Brazil and the Amazon are almost synonymous in the world of sustainable finance, but the planet’s greatest rainforest spans the borders of many other Latin American countries: Bolivia, Peru, Ecuador, Colombia, Venezuela, Guyana, and Suriname.
Given the highly political and difficult regulatory environment in the Brazilian part of the rainforest, some impact investors, such as Amazonia Impact Ventures (AIV), are focusing their efforts elsewhere. The company is active in Peru, which has forest covering nearly 60% of the country’s surface and is home to the most distant source of the river Amazon itself.
Pajani Singah, co-founder of AIV, has been working with local producers’ organizations to encourage local communities to develop their businesses alongside protecting and regenerating the standing forest.
“The idea is to support and incentivize local communities in the Amazon to protect the forest,” he says.
The idea is to support and incentivize local communities in the Amazon to protect the forest
Singah explains that at current rates of deforestation, the Amazon biome will be lost by 2030 and a large portion of the Amazon will become tropical savannah. The Amazon absorbs two billion tons of carbon every year, which is 5% of global annual emissions. It also houses at least 10% of the world’s known biodiversity.
He says that many pro-environment organizations are created through the disbursement of new grants but there is often little follow-through.
He adds: “A key bottleneck is funding that goes directly to producers’ organizations and indigenous communities. Indigenous communities face major challenges when producing their goods as the working capital is not easily available to them compared to conventional farming.”
Results-based finance
Singah, is based in London and works with partner and managing director, Aldo Soto, a specialist in rainforest community-based conservation. Singah says that local communities are usually marginalised and can’t access local bank funding, in part because of prohibitively high interest rates (typically over 20%). They also lack collateral.
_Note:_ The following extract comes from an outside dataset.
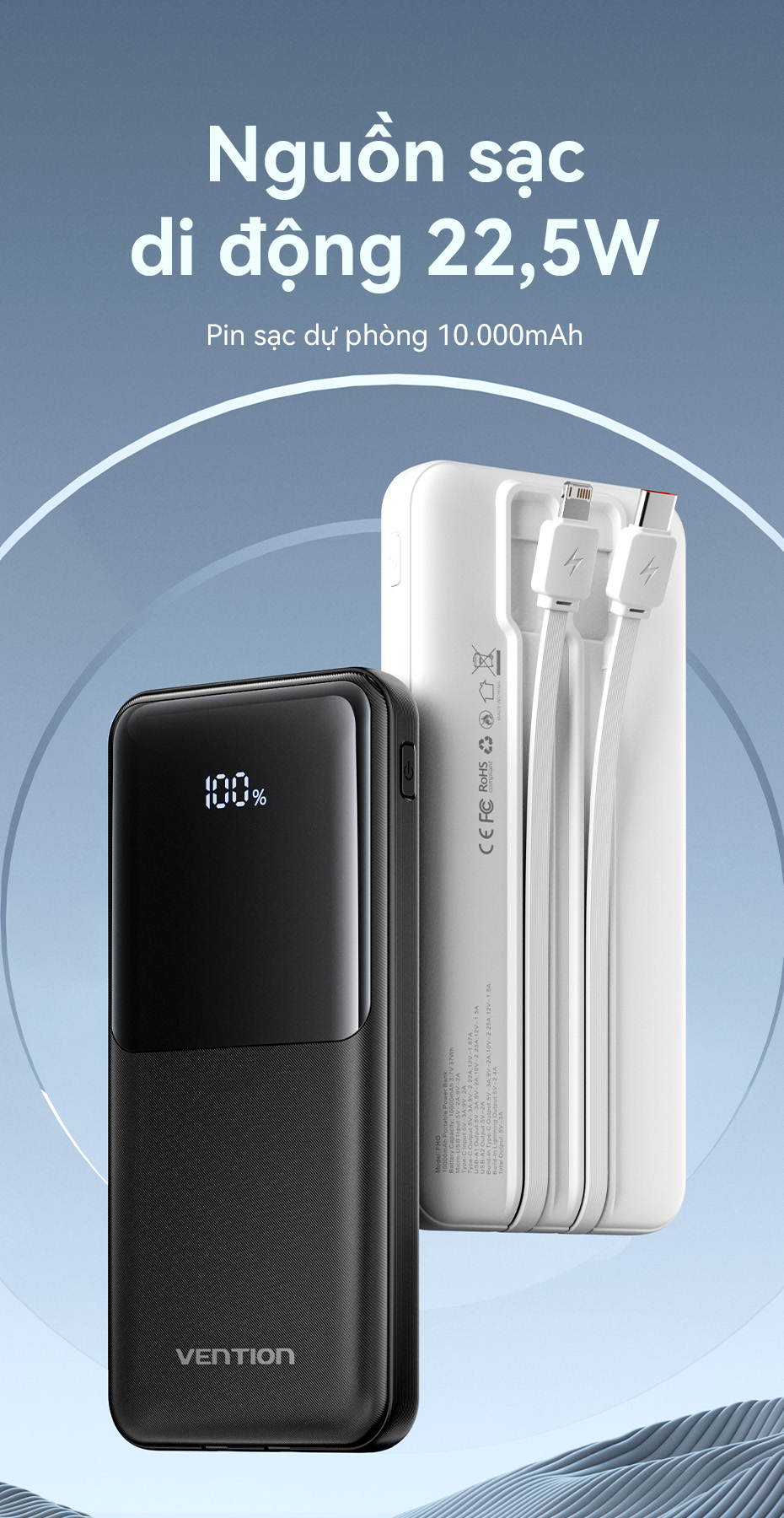Pin Sạc Dự Phòng 22.5W 20000mAh Vention,Tích Hợp Cáp Type-C Và Light, Sạc Nhanh PD/QC, Màn Hình LED – ảnh mô tả chi tiết 1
Singah says: “We work with local cooperatives and use a result-based finance approach to offer lower rates and structure repayments so that lenders receive a rebate on their loan repayments if they use their land in a sustainable way, stopping deforestation and protecting the forest.”
About 1.7 million indigenous people live within indigenous territories covering around one-third of the Amazon land area and have a critical role in conserving the rainforest. The Amazon's indigenous territories and protected areas store an estimated 58% of the region’s aboveground carbon.
AIV works with partners such as Rabo Foundation to share information about the cooperatives and how best to make finance more accessible and provide the technical assistance that farmers need.
It works with the off-takers – typically European and US companies – that are increasingly interested in the source of the commodities. Greater transparency and sustainable farming and land-use practices can also lead to price premiums and longer-term purchase agreements.
The off-taker, typically a Western coffee or cacao buyer, also benefits from the cooperatives having enough funding to fulfil its orders.
AIV is also adding rigidity to its investments by taking equity stakes in the companies that acquire locally produced goods: coffee, acai and other forest-sourced products.
The fund has already made an investment in California-based Imlak'esh Organics, an ethical functional foods company promoting regenerative agriculture with its suppliers, and taken a seat on its impact advisory board.
Singah says that he believes AIV’s holistic approach to financing sustainable development within the Amazon is a strategy that could also be applied by others: “By offering the complete picture – from working with coops and producers to incentivize sustainable practices, financing their working capital and infrastructure, to buying equity in ethical and impact-driven off-takers – we become trusted partners and can create positive changes.”
Effectiveness
As well as offering better financing terms, the fund’s technical assistance works to increase producers’ competitiveness and resilience, and ultimately to increase the income going to local Amazon communities.
Part of demonstrating its effectiveness is to show that relatively small amounts of capital can have demonstrable impacts on a large amount of rainforest.
Singah says that AIV has invested a little over $1 million in the area in the first year of operation, which has influenced economic activity – and therefore cut deforestation rates – in around one million hectares.
Other sustainable goals include protecting biodiversity and restoring degraded land.
The fund hopes to raise another $25 million to expand its activities to incentivise the protection of much larger areas of the forest, as well as expand its operations into Brazil and Ecuador.
“To have a significant positive impact and address the SDGs [United Nations' Sustainable Development Goals] by 2030, you need to also have a commercial angle, building resilient businesses that provide a consistent return on investment over time while positively contributing to protecting the forest and improving livelihoods,” he says. “We need to act now, as we only have a few years to lower our emission levels to limit the global temperature rise to 1.5°C.”